• [About this task]:
Your copy should hold only the lines from the one with "Svart New Era" to the one with "AI Musician Headshot", both included, each exactly as it stands below, with no pictures.
Start of Material for this exercise
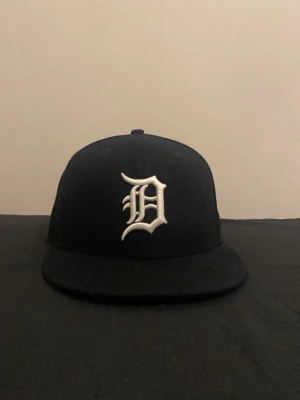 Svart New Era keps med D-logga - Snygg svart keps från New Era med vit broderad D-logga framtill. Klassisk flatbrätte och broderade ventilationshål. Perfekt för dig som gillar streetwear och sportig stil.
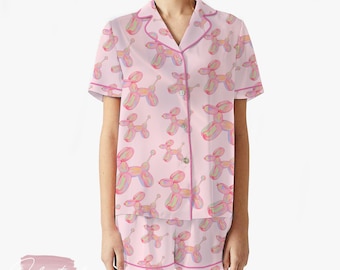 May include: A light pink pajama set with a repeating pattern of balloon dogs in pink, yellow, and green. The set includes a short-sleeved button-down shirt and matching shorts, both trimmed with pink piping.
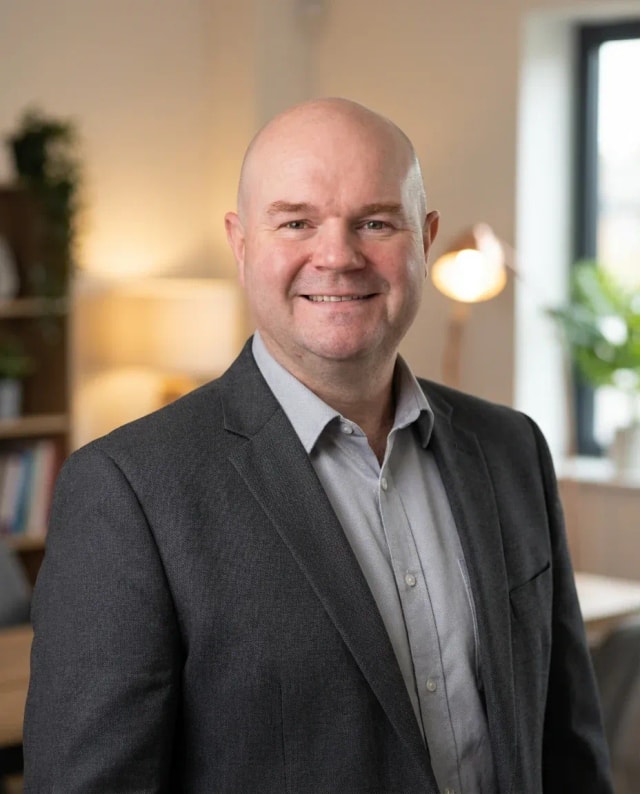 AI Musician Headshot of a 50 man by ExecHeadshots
End of Material for this exercise
Start of Material for this exercise
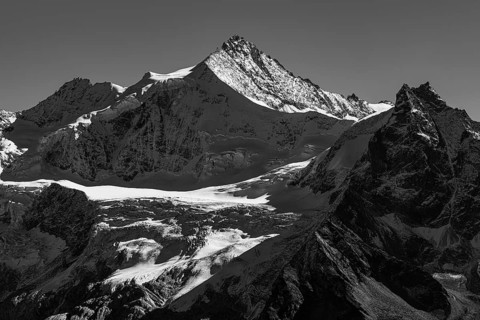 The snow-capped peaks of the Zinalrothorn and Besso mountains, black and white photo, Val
End of Material for this exercise
• [Answer section]:
 Svart New Era keps med D-logga - Snygg svart keps från New Era med vit broderad D-logga framtill. Klassisk flatbrätte och broderade ventilationshål. Perfekt för dig som gillar streetwear och sportig stil.
 May include: A light pink pajama set with a repeating pattern of balloon dogs in pink, yellow, and green. The set includes a short-sleeved button-down shirt and matching shorts, both trimmed with pink piping.
 AI Musician Headshot of a 50 man by ExecHeadshots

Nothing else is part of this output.